■ Activity ■
Copy out exactly the lines below that run from the one holding "Viora Tots Squeeze Feeding Bottle" to the one holding "Carbonized Gray Metallic", keeping both of those lines and no others.

Segment Start: Material for this task

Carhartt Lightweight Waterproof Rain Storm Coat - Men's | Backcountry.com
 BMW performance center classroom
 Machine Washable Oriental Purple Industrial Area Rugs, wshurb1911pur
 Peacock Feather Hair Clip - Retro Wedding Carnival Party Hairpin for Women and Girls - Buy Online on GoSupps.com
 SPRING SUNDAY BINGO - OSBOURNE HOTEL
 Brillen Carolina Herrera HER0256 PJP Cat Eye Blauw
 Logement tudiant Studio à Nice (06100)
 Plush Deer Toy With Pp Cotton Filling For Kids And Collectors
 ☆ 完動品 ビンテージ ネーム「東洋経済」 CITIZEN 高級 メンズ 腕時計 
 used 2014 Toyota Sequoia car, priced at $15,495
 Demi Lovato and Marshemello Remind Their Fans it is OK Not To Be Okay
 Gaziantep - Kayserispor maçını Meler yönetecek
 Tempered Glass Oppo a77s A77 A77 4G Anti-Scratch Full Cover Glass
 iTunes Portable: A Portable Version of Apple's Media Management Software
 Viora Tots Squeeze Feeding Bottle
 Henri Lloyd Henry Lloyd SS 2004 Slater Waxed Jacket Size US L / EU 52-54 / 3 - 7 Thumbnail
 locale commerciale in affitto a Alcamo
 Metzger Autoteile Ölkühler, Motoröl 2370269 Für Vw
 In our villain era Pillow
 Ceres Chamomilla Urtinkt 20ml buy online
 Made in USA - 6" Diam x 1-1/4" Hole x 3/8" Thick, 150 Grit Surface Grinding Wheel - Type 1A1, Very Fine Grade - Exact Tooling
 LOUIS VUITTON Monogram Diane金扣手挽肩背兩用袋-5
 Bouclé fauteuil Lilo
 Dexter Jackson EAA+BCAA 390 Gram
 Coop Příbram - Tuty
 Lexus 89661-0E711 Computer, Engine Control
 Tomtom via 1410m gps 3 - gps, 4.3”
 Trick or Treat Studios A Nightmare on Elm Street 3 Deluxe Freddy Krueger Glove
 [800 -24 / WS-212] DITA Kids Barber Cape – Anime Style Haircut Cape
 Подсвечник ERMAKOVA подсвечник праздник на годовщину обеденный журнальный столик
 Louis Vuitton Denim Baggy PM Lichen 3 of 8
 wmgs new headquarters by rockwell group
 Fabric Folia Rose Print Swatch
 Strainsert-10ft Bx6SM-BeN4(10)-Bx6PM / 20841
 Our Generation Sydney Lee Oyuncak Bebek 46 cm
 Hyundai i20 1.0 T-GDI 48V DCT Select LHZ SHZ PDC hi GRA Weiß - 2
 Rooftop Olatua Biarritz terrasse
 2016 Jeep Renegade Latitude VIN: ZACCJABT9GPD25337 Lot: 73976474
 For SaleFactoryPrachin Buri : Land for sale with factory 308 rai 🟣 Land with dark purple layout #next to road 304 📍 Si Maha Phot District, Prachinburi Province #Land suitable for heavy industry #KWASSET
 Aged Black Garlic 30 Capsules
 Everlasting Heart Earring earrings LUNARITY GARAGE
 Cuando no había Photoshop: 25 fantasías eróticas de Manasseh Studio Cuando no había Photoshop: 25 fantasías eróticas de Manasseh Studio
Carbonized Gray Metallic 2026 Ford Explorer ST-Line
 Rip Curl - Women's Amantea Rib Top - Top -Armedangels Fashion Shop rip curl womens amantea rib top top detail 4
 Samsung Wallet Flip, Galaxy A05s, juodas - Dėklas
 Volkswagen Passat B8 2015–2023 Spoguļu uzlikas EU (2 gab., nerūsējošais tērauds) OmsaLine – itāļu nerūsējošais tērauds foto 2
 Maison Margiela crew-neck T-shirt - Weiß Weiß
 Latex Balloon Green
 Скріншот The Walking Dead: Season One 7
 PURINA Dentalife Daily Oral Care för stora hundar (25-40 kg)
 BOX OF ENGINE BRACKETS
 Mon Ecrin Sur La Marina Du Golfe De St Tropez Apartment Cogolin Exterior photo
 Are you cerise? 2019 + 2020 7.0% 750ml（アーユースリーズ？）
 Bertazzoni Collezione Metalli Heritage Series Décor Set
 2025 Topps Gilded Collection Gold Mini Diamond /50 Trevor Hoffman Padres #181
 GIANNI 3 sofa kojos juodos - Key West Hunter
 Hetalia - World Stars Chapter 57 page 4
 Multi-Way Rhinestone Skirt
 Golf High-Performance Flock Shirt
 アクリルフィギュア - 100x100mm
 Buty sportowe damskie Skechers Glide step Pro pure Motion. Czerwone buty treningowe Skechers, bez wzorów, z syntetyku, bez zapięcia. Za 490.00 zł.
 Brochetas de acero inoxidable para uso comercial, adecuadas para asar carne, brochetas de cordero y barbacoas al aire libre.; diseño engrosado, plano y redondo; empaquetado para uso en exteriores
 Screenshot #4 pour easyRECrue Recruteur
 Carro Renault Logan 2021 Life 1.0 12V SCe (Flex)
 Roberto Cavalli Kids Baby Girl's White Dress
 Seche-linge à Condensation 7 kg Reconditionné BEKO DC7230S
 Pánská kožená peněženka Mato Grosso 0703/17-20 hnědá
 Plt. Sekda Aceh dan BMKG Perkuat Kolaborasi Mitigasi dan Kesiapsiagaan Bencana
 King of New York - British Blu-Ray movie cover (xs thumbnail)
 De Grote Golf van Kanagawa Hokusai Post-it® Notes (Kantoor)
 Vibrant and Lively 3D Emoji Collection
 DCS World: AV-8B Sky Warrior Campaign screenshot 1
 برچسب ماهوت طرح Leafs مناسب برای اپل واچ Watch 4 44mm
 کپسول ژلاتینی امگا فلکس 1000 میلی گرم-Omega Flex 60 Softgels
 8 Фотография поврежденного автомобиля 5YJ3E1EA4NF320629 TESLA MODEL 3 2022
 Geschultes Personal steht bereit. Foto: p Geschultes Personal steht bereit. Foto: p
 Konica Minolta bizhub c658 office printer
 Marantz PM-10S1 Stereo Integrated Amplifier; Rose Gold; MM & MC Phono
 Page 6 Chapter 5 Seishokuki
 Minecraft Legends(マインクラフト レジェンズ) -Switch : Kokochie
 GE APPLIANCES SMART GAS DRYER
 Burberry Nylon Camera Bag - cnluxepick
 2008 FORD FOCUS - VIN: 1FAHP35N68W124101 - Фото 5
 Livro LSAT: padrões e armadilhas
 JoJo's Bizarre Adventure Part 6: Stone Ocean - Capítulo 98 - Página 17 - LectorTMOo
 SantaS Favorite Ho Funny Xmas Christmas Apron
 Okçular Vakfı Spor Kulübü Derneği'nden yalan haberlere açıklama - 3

Segment End: Material for this task

■ Answer area ■
 Viora Tots Squeeze Feeding Bottle
 Henri Lloyd Henry Lloyd SS 2004 Slater Waxed Jacket Size US L / EU 52-54 / 3 - 7 Thumbnail
 locale commerciale in affitto a Alcamo
 Metzger Autoteile Ölkühler, Motoröl 2370269 Für Vw
 In our villain era Pillow
 Ceres Chamomilla Urtinkt 20ml buy online
 Made in USA - 6" Diam x 1-1/4" Hole x 3/8" Thick, 150 Grit Surface Grinding Wheel - Type 1A1, Very Fine Grade - Exact Tooling
 LOUIS VUITTON Monogram Diane金扣手挽肩背兩用袋-5
 Bouclé fauteuil Lilo
 Dexter Jackson EAA+BCAA 390 Gram
 Coop Příbram - Tuty
 Lexus 89661-0E711 Computer, Engine Control
 Tomtom via 1410m gps 3 - gps, 4.3”
 Trick or Treat Studios A Nightmare on Elm Street 3 Deluxe Freddy Krueger Glove
 [800 -24 / WS-212] DITA Kids Barber Cape – Anime Style Haircut Cape
 Подсвечник ERMAKOVA подсвечник праздник на годовщину обеденный журнальный столик
 Louis Vuitton Denim Baggy PM Lichen 3 of 8
 wmgs new headquarters by rockwell group
 Fabric Folia Rose Print Swatch
 Strainsert-10ft Bx6SM-BeN4(10)-Bx6PM / 20841
 Our Generation Sydney Lee Oyuncak Bebek 46 cm
 Hyundai i20 1.0 T-GDI 48V DCT Select LHZ SHZ PDC hi GRA Weiß - 2
 Rooftop Olatua Biarritz terrasse
 2016 Jeep Renegade Latitude VIN: ZACCJABT9GPD25337 Lot: 73976474
 For SaleFactoryPrachin Buri : Land for sale with factory 308 rai 🟣 Land with dark purple layout #next to road 304 📍 Si Maha Phot District, Prachinburi Province #Land suitable for heavy industry #KWASSET
 Aged Black Garlic 30 Capsules
 Everlasting Heart Earring earrings LUNARITY GARAGE
 Cuando no había Photoshop: 25 fantasías eróticas de Manasseh Studio Cuando no había Photoshop: 25 fantasías eróticas de Manasseh Studio
Carbonized Gray Metallic 2026 Ford Explorer ST-Line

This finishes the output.